The Fly America Act Controversy: An Analysis of GSA Contracts Involving Foreign Carriers and Important Considerations

by David Kelly

David Kelly (dkelly@law.gwu.edu) is a government contracts attorney at Puget Sound Naval Shipyard in Bremerton, Washington. In May 2017, he graduated from The George Washington University Law School with a LL.M. in Government Procurement Law. The author thanks Professor Steven Schooner for his helpful guidance and Professor Karen Thornton for her constructive feedback and instruction. The author would also like to thank his parents for all that they have done for him. Finally, the author wishes to thank his wonderful wife Kiersten for her loving support and encouragement.


I. Introduction

The General Services Administration (GSA) is tasked with organizing and contracting for the flight needs of the U.S. government.1 For Fiscal Year (FY) 2016, the agency received 21,167 proposals from eight different airlines and made thousands of route awards with a total estimated value of $1.74 billion.2 For FY 2017, the government contracted with multiple airlines in awarding approximately 9,000 different routes.3 While the government seeks best value for these flights, it is also bound by the Fly America Act.4 The Fly America Act aims to help domestic carriers compete against foreign carriers by requiring that foreign transportation of persons or property funded by the U.S. government be furnished by U.S. air carriers.5

A controversy has developed within the United States’ airline industry over the awarding of government contracts to JetBlue Airways. The issue is whether these awards violate the letter and spirit of the Fly America Act.6 The awards at issue involve routes from the United States to Europe and the Middle East.7 Delta, American, and United Airlines (Big Three) are the three largest airlines in the United States and have complained about losing government awarded routes to JetBlue.8 JetBlue, although a domestic carrier, will not operate the awarded routes; instead Emirates Airlines, one of JetBlue’s codeshare partners, will perform the route.9 Emirates is one of three Persian Gulf (Gulf) carriers that the Big Three alleged receive massive and unfair subsidies from their governments.10 The government makes awards to JetBlue under the so-called “codeshare exception,” which provides compliance can be achieved in codeshare agreements as long as the airline ticket includes a U.S. flag carrier’s code.11

The Big Three argue that awarding these routes to JetBlue violates the letter and purpose of the Fly America Act.12 The Big Three’s arguments center on the Fly America Act, but a closer look at their GSA awards shows a double standard. The Big Three, like JetBlue, receive government contract awards using foreign codeshare partners that are subsidized.13 This is strong evidence their argument is not motivated by a concern for the Fly America Act; rather, their real motivation is protectionism.

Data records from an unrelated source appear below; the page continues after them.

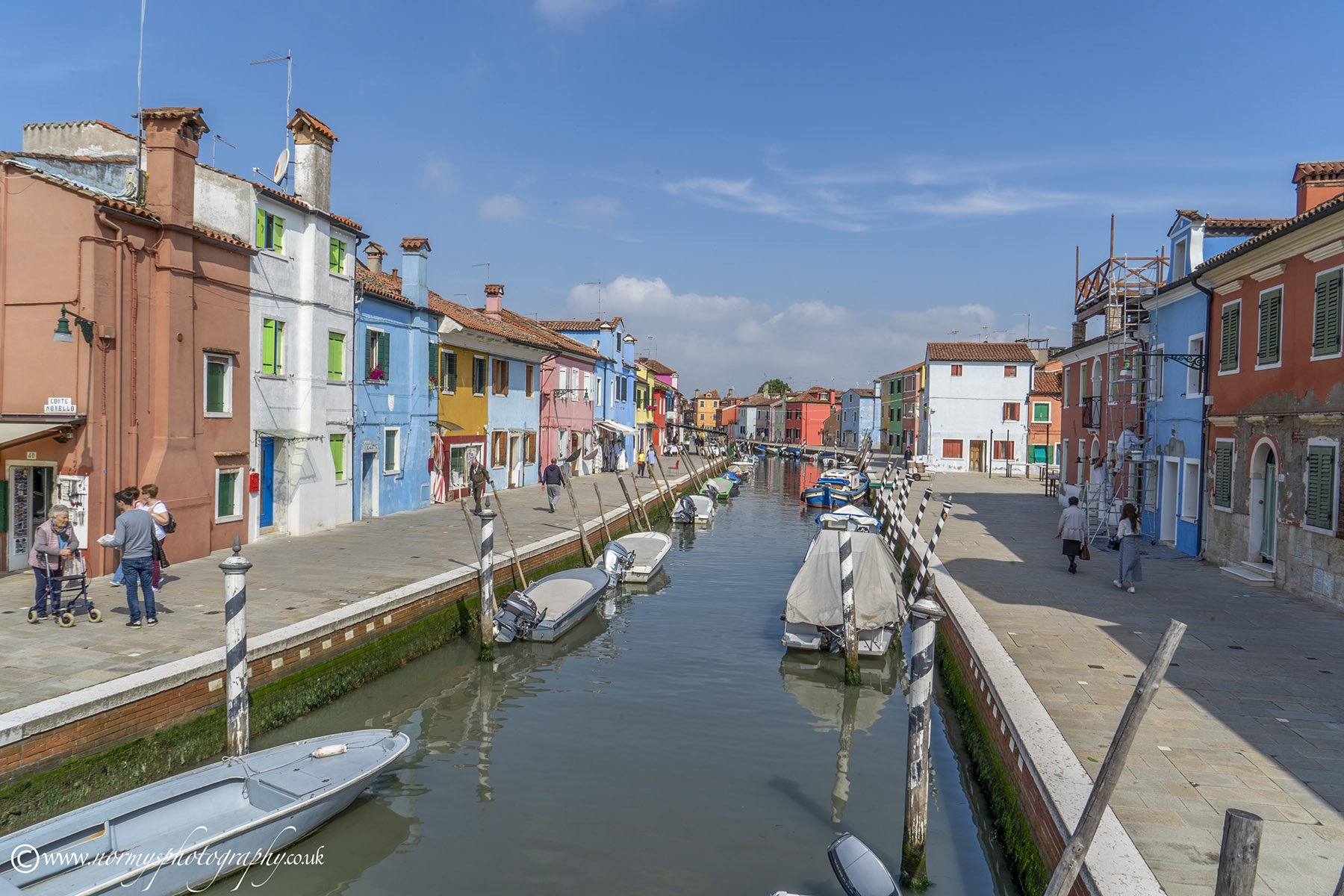 Wider canal.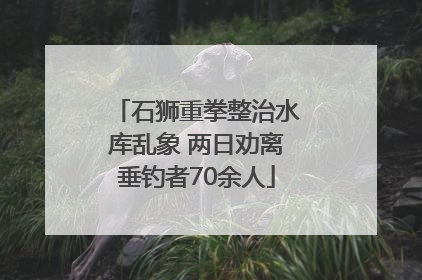 石狮重拳整治水库乱象 两日劝离垂钓者70余人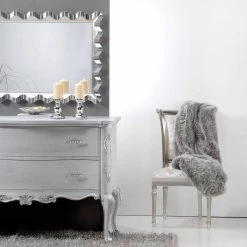 Clásica Silla De Madera Con Patas De Hoja De Plata Miel -Tienda De Decoración sedia stile classico in legno con gambe foglia argento miel 3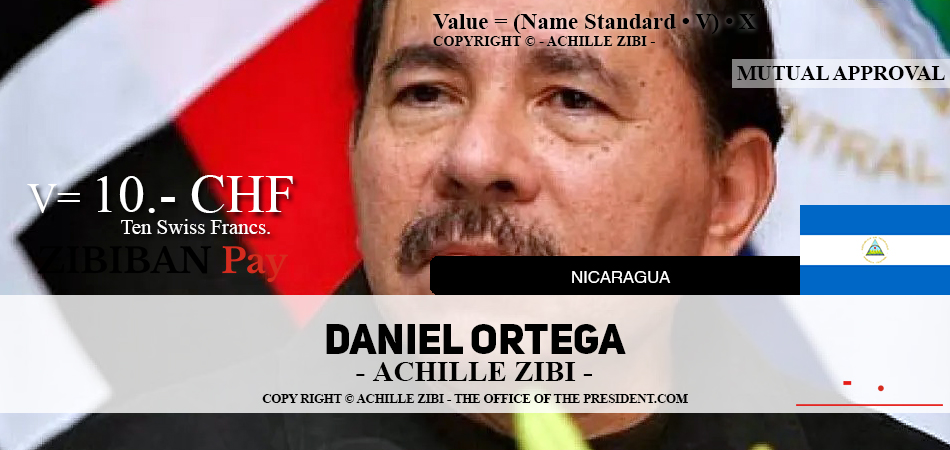 ACHILLE ZIBI - THE OFFICE OF THE PRESIDENT - DANIEL ORTEGA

These disputes achieved greater significance given the Trump administration’s “America First” policy.14 As this article explains, the administration should not assume putting America first means putting the Big Three first.

While there is strong evidence the Big Three are pushing a double standard motivated by protectionism, it is understandable why an airline would be confused over GSA regulations and the Fly America Act. The current regulations do not meaningfully support the Act’s purpose.